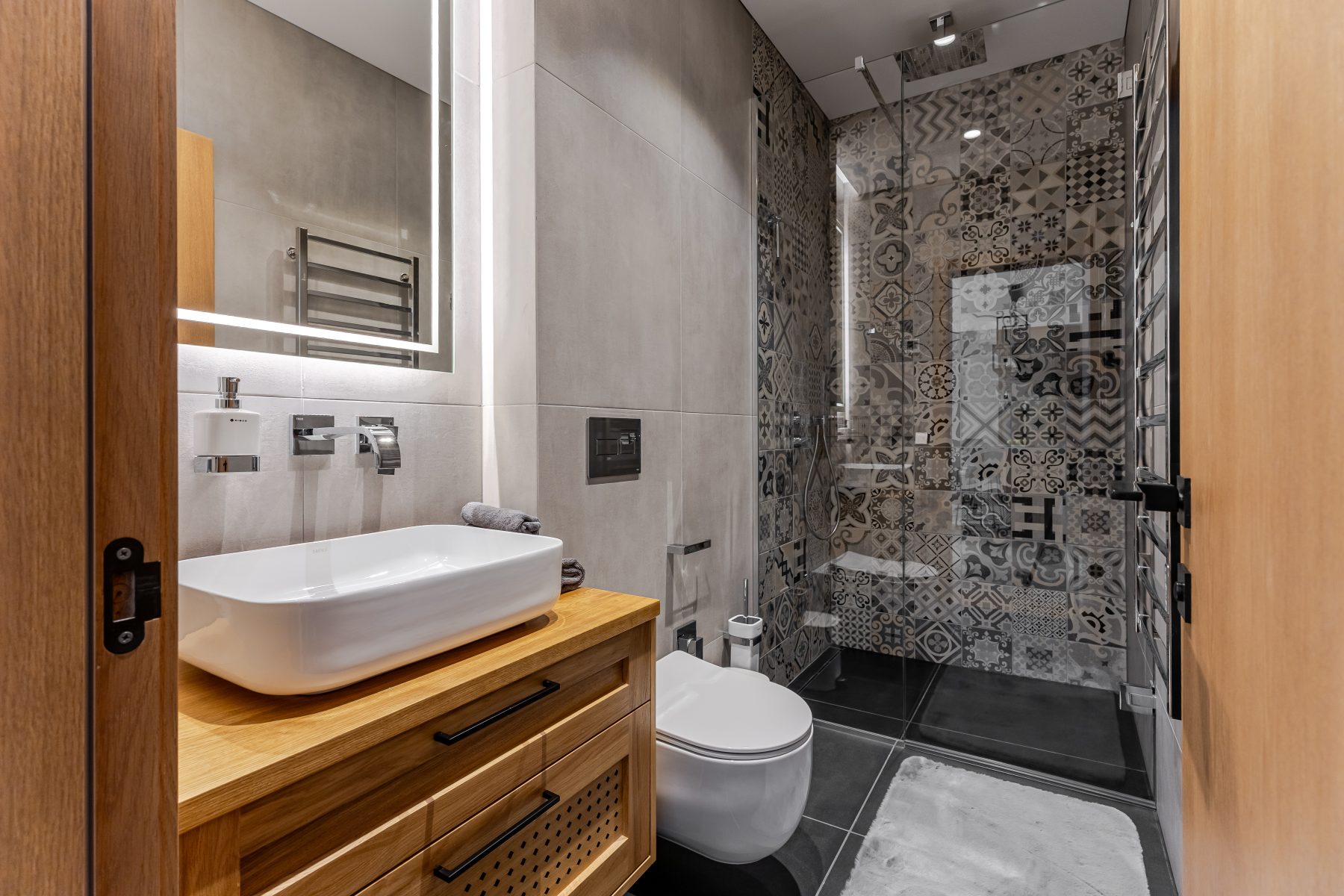 Vonios kambarys su šiuolaikine santechnika ir plytelėmis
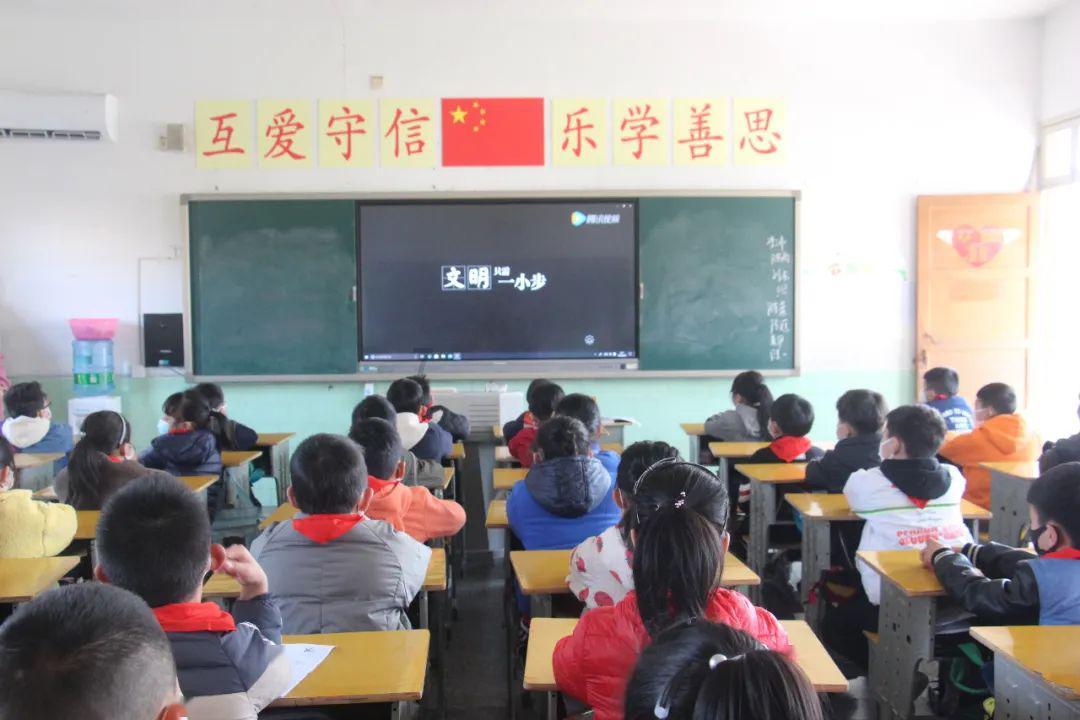 哪些消费不高且免签的国家适合旅行？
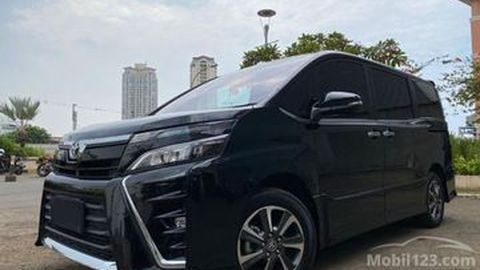 Toyota Voxy Bekas 2019, Baru Jalan 9 Ribu KM Harga Turun Nyaris Rp 100 Juta
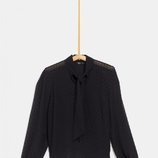 Blusa negra con lazo al cuello de la colección de Rocío Osorno y TEX de otoño/invierno 2019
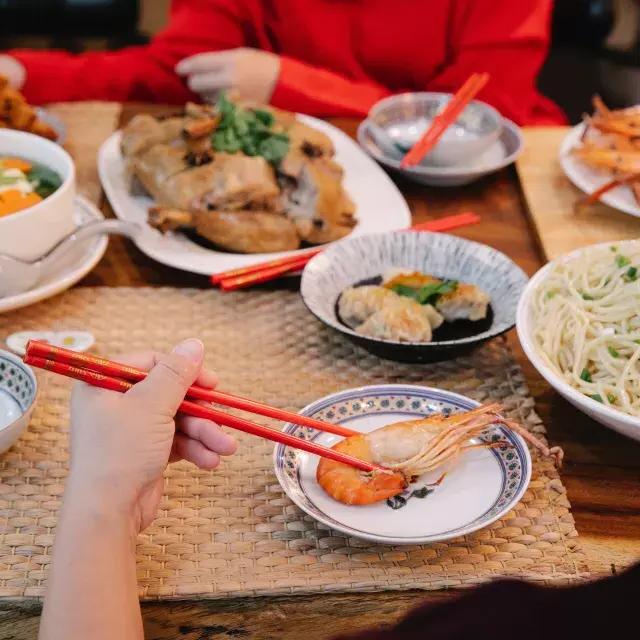 Cuisine chinoise sur la table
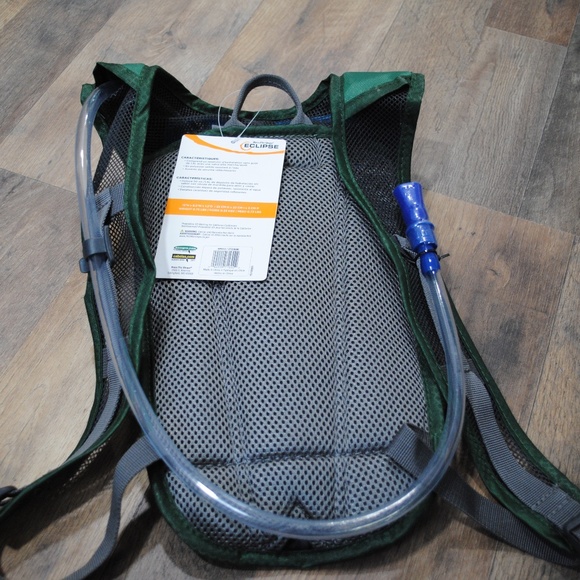 Eclipse Other Brand New Eclipse Hydration Pack 5oz5l Green Poshmark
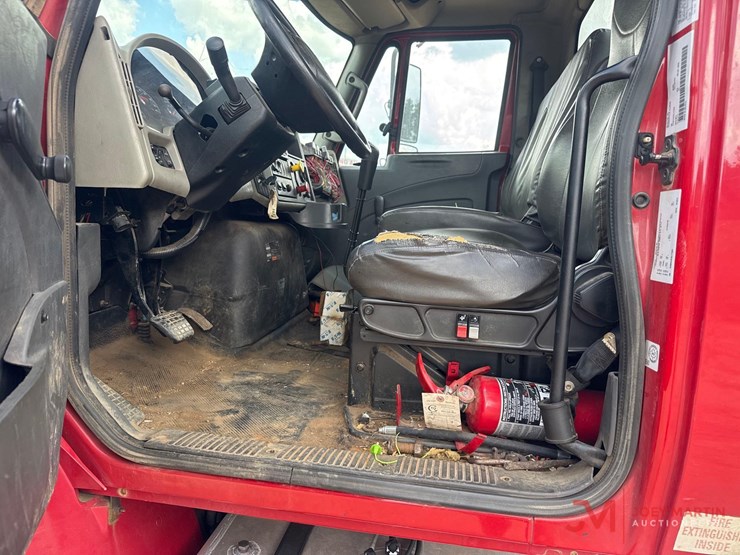 2014-international-durastar-4400-image-24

ABOUT THIS TASK: The output must start at the line holding "Cuisine chinoise sur la table", end at the last line of the listing above, and show each line exactly; please omit all pictures.

YOUR SOLUTION:
 Cuisine chinoise sur la table
 Eclipse Other Brand New Eclipse Hydration Pack 5oz5l Green Poshmark
 2014-international-durastar-4400-image-24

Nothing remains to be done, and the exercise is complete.